Exercise:
Reproduce the section of the listing that begins at the line containing "Photo 3 from" and finishes at the line containing "WALTHER-WERKE Sockelgehäuse B24". Include both end lines and nothing beyond them.

══════════════════════════════

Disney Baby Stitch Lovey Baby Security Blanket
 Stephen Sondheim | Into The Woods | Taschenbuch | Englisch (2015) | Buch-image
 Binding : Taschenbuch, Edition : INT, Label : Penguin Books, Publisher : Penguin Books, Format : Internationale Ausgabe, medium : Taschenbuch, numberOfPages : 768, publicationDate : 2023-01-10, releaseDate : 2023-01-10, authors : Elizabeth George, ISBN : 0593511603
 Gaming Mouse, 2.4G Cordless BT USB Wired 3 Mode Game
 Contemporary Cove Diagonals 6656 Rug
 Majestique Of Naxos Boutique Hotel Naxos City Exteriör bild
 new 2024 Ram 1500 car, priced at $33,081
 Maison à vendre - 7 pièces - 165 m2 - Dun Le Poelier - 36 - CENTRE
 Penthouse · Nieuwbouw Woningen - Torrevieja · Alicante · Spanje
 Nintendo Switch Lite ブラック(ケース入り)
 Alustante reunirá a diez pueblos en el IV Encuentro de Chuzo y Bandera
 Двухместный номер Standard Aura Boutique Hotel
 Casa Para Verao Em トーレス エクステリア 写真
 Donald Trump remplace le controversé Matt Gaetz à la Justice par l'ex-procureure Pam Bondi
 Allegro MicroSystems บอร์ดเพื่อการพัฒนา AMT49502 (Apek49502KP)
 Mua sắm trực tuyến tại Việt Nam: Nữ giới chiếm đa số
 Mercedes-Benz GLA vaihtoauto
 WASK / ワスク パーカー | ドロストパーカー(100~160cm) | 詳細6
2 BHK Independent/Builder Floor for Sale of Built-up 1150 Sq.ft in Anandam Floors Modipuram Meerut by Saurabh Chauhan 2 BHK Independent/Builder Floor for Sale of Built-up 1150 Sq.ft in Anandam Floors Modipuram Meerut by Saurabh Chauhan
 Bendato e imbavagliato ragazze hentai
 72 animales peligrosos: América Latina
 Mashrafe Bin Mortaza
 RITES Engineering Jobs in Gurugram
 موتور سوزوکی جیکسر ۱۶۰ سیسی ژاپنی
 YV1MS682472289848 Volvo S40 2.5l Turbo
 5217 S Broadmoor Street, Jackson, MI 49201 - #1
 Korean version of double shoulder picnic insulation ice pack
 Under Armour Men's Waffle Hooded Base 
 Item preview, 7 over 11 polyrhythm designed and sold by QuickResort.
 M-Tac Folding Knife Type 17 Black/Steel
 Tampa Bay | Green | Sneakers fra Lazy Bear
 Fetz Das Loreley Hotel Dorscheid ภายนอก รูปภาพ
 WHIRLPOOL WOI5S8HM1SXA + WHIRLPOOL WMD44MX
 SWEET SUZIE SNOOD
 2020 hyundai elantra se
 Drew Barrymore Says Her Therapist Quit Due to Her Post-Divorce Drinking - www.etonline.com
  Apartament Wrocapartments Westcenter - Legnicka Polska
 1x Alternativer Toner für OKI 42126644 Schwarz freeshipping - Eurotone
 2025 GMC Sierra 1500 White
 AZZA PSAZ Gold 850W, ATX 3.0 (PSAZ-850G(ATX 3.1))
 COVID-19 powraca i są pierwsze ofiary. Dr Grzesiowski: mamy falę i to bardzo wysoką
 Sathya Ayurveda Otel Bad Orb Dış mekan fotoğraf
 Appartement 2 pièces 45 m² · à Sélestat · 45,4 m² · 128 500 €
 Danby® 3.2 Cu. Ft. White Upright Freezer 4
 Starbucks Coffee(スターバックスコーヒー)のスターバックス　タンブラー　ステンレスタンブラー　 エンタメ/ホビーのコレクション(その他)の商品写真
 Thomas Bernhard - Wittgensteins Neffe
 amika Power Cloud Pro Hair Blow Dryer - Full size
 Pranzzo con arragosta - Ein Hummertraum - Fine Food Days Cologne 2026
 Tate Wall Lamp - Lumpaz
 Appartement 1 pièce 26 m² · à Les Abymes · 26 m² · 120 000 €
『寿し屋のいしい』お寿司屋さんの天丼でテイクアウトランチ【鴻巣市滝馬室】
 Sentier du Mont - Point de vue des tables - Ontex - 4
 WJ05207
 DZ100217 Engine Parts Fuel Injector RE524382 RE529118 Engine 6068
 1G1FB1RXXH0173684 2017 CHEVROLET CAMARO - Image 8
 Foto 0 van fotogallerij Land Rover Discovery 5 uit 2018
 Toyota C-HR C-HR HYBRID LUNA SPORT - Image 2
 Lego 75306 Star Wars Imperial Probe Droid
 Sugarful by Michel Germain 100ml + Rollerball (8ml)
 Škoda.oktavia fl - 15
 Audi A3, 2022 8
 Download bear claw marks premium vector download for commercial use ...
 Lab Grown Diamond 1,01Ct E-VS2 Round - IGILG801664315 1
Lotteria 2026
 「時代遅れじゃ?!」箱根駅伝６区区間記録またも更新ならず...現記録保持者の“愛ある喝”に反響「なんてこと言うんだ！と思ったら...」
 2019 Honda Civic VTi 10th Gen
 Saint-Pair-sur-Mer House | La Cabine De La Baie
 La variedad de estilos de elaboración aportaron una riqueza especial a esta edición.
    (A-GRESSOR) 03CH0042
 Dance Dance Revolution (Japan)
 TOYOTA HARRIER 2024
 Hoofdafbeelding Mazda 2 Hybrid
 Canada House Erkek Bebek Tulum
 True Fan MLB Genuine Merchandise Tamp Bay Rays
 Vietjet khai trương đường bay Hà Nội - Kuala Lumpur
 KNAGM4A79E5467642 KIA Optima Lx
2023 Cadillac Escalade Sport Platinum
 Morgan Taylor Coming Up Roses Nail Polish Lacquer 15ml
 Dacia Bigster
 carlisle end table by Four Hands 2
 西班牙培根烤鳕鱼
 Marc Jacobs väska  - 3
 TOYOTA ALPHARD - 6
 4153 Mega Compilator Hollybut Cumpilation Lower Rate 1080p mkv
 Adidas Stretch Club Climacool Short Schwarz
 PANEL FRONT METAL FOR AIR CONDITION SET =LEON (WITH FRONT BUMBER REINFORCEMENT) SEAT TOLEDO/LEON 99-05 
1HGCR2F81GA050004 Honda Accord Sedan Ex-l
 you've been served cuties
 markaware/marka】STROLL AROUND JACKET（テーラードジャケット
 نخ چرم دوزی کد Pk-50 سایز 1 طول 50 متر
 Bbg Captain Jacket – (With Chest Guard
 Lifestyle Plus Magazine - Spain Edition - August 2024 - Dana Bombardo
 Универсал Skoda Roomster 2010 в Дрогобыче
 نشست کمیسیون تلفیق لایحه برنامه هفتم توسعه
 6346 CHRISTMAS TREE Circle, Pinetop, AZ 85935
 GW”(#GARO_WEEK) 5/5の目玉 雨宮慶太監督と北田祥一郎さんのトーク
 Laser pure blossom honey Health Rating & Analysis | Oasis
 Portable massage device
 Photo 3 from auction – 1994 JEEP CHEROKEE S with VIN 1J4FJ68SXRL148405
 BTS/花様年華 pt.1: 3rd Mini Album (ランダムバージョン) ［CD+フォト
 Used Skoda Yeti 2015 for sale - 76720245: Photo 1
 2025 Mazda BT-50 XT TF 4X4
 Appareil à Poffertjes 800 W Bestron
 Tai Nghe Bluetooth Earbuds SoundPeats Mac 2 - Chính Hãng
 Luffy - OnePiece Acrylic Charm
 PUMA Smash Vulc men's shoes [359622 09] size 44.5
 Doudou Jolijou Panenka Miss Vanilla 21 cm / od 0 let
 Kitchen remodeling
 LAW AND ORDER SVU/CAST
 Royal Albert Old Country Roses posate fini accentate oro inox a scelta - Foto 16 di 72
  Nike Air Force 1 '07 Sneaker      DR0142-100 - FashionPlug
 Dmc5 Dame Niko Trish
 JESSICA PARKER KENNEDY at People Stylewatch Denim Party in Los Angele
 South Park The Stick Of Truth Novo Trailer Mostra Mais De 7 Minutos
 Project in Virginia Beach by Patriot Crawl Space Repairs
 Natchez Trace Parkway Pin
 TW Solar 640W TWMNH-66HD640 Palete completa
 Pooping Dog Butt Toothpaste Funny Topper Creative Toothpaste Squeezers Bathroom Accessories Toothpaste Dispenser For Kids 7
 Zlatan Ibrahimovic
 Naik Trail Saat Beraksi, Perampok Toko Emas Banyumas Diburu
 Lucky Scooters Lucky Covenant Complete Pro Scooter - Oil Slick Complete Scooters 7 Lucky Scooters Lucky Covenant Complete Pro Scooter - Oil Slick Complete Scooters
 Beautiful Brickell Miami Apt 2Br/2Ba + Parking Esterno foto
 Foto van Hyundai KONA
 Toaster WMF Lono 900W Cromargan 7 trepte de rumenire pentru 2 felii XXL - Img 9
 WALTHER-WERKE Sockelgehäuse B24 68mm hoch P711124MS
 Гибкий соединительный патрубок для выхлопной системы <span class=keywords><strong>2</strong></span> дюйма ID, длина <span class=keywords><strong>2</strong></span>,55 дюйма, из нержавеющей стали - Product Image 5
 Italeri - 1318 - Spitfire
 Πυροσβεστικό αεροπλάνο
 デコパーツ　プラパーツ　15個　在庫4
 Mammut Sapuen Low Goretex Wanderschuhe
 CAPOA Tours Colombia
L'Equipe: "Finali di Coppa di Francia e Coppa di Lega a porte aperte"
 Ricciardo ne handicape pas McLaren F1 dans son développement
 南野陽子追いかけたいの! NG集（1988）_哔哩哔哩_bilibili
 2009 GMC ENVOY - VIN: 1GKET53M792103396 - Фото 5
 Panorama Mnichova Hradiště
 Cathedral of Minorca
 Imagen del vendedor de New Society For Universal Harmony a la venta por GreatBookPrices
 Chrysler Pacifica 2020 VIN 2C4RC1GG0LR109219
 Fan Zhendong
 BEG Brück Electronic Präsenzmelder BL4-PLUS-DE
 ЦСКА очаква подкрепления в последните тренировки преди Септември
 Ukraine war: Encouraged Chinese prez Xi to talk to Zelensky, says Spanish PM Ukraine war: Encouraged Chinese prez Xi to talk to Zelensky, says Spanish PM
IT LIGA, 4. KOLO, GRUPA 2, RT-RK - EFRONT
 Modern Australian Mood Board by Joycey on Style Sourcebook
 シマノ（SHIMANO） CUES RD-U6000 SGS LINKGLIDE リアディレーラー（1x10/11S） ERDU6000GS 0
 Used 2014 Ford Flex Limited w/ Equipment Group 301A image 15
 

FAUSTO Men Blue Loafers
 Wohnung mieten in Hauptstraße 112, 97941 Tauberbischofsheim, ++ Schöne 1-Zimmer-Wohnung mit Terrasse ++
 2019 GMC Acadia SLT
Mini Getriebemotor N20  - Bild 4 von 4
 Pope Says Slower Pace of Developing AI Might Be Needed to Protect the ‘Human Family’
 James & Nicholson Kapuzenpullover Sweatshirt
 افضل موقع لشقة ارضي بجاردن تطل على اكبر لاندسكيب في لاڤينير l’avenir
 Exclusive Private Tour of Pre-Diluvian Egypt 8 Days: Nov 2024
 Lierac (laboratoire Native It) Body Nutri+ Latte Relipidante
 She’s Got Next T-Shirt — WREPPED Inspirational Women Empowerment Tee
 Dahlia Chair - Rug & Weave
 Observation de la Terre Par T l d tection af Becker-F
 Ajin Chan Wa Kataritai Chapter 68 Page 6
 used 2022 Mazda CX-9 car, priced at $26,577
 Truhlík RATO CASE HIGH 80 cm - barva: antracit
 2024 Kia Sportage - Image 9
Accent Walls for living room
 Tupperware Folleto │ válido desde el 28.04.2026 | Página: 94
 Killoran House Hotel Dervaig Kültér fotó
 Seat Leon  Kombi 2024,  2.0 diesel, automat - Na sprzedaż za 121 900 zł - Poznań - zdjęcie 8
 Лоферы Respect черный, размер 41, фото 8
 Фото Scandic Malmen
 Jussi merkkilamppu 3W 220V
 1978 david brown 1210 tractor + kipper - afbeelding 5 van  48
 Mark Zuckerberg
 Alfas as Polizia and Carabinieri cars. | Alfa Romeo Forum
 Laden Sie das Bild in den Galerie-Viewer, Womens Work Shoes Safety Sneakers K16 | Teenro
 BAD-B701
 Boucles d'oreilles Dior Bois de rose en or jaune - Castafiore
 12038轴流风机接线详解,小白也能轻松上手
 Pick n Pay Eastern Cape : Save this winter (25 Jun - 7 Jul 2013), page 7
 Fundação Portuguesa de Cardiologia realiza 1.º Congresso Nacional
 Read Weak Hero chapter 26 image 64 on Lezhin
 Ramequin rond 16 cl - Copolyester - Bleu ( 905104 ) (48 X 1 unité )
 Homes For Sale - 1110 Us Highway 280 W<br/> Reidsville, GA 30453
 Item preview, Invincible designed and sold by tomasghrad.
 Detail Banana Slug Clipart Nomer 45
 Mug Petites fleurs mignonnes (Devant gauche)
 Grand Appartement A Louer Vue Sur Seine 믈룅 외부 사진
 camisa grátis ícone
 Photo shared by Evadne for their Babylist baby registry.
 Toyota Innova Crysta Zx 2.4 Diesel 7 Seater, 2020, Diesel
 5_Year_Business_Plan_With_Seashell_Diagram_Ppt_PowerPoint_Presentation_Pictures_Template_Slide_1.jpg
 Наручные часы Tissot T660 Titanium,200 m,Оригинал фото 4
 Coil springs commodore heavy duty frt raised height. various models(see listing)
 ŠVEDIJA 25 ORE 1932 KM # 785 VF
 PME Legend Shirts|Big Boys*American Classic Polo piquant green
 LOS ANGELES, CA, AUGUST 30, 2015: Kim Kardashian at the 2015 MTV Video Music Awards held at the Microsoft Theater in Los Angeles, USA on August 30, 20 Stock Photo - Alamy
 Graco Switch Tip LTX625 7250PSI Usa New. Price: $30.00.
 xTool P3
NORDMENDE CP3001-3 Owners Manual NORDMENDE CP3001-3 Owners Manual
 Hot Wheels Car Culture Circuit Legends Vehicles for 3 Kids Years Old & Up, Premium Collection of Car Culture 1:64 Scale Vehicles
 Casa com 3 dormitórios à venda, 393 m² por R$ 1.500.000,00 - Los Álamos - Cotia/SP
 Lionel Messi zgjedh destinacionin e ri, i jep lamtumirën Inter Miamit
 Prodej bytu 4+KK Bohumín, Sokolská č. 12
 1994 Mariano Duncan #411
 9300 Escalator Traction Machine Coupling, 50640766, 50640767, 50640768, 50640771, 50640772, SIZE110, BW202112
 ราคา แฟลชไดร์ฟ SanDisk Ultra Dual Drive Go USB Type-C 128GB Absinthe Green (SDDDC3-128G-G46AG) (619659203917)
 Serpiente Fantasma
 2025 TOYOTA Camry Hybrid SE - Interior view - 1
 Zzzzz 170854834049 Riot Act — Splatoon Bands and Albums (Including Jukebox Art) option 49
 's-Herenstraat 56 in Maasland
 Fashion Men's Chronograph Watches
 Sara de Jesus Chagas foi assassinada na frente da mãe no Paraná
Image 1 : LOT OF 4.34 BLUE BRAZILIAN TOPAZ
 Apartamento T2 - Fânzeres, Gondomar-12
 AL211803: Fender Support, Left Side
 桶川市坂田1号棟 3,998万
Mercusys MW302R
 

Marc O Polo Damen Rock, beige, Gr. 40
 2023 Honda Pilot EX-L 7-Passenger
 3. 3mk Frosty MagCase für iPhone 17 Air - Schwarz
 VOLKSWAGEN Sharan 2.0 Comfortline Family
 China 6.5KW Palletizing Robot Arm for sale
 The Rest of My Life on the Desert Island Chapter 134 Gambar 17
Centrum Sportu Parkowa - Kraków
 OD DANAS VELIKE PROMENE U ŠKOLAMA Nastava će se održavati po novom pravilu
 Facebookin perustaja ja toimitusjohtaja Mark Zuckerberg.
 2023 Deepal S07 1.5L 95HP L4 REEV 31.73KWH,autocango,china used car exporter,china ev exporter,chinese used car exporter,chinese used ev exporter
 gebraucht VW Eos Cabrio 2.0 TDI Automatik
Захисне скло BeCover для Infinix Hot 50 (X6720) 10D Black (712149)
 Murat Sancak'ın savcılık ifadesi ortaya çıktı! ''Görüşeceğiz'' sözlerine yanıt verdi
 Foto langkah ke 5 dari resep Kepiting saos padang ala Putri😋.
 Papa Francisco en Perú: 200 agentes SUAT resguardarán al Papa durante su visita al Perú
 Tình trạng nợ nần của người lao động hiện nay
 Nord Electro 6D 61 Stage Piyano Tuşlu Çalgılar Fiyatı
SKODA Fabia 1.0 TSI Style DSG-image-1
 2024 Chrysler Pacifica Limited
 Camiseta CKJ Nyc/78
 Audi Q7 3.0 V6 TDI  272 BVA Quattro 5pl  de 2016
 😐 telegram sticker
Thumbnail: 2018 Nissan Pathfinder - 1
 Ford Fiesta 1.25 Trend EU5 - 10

══════════════════════════════

Task result:
 Photo 3 from auction – 1994 JEEP CHEROKEE S with VIN 1J4FJ68SXRL148405
 BTS/花様年華 pt.1: 3rd Mini Album (ランダムバージョン) ［CD+フォト
 Used Skoda Yeti 2015 for sale - 76720245: Photo 1
 2025 Mazda BT-50 XT TF 4X4
 Appareil à Poffertjes 800 W Bestron
 Tai Nghe Bluetooth Earbuds SoundPeats Mac 2 - Chính Hãng
 Luffy - OnePiece Acrylic Charm
 PUMA Smash Vulc men's shoes [359622 09] size 44.5
 Doudou Jolijou Panenka Miss Vanilla 21 cm / od 0 let
 Kitchen remodeling
 LAW AND ORDER SVU/CAST
 Royal Albert Old Country Roses posate fini accentate oro inox a scelta - Foto 16 di 72
  Nike Air Force 1 '07 Sneaker      DR0142-100 - FashionPlug
 Dmc5 Dame Niko Trish
 JESSICA PARKER KENNEDY at People Stylewatch Denim Party in Los Angele
 South Park The Stick Of Truth Novo Trailer Mostra Mais De 7 Minutos
 Project in Virginia Beach by Patriot Crawl Space Repairs
 Natchez Trace Parkway Pin
 TW Solar 640W TWMNH-66HD640 Palete completa
 Pooping Dog Butt Toothpaste Funny Topper Creative Toothpaste Squeezers Bathroom Accessories Toothpaste Dispenser For Kids 7
 Zlatan Ibrahimovic
 Naik Trail Saat Beraksi, Perampok Toko Emas Banyumas Diburu
 Lucky Scooters Lucky Covenant Complete Pro Scooter - Oil Slick Complete Scooters 7 Lucky Scooters Lucky Covenant Complete Pro Scooter - Oil Slick Complete Scooters
 Beautiful Brickell Miami Apt 2Br/2Ba + Parking Esterno foto
 Foto van Hyundai KONA
 Toaster WMF Lono 900W Cromargan 7 trepte de rumenire pentru 2 felii XXL - Img 9
 WALTHER-WERKE Sockelgehäuse B24 68mm hoch P711124MS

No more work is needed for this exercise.